Canadian Central is a national trade association for its owners, the provincial credit union centrals. Through them we provide services to about 330 affiliated credit unions across Canada. These credit unions currently operate in more than 1,700 branches, serve 5.3 million members, hold $160 billion in assets and employ about 27,000 people.

Credit unions in Canada come in all shapes and sizes, as you probably know. Our smallest credit unions such as iNova Credit Union in Halifax, Nova Scotia has less than $30 million in assets and only 10 employees. Our biggest credit unions, such as Vancity in British Columbia, has just under $20 billion assets and employs thousands of people.

But even our biggest credit unions are small next to the country's biggest banks which are at least 20 times bigger than Vancity, for example. This disparity means that new regulations like FATCA can pose a real challenge to all credit unions big and small alike. While the government is to be congratulated on signing an agreement that mitigates some of the regulatory burden of FATCA, we have some concerns.

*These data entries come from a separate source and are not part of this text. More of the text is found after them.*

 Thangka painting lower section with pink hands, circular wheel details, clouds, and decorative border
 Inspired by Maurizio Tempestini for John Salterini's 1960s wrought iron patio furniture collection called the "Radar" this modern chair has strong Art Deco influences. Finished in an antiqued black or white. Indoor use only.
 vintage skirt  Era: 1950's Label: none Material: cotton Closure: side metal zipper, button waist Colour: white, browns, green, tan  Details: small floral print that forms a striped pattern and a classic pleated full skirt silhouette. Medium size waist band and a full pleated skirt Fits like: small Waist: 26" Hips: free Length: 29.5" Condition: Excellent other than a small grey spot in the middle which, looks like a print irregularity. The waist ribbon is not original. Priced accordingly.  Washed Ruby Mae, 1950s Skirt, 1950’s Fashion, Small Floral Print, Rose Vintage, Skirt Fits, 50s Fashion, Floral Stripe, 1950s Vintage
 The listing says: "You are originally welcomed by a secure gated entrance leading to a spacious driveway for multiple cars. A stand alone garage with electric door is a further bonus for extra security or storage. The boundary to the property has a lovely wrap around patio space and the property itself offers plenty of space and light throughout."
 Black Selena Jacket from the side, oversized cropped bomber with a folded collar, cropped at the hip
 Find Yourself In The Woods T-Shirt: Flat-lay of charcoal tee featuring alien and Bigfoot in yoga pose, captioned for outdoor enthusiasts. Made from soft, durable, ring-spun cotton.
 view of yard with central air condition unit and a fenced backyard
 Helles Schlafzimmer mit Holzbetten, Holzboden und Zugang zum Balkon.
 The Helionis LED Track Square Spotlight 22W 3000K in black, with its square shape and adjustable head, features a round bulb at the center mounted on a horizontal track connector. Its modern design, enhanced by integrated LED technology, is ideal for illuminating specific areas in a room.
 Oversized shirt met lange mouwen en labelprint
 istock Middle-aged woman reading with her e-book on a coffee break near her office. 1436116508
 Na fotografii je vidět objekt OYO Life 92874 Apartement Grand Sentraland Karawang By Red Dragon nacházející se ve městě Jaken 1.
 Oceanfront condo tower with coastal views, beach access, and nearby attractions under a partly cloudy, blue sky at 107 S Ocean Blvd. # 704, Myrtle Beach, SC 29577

Our major concern at this point is that the unavoidable regulatory burden imposed by FATCA may, in the near future, be compounded by the OECD's efforts to create a single, unified standard for automatic exchange of financial account information. Specifically, we worry that credit unions will end up with two different tax compliance regimes. We'll have an intergovernmental agreement on FATCA that includes some exemptions for smaller financial institutions like credit unions and we'll have the OECD requirements which, to date, do not contemplate any such exemptions and, though modelled on FATCA, appear to require significantly greater reporting. For that reason we're encouraging the federal government to hold strong to the view expressed in a recent declaration which it signed, that the OECD's multilateral approach “not impose undue business and administrative costs”.

For us, that means including small institution exemption thresholds, harmonizing the OECD rules with FATCA, and not having to file the same information—or worse yet, different information—with two different organizations.

The second issue we want to discuss has to do with regulatory burden more generally. Last year we conducted a survey of affiliated credit unions to gauge the impact of regulatory burden on the system. We found that small credit unions, those with fewer than 23 employees, like iNova Credit Union, for example, devoted fully 21% of their staff time to dealing with regulatory matters, whereas bigger credit unions, like Vancity with more than 100 employees or thousands of employees, only averaged about 4% of their full-time staff on compliance issues.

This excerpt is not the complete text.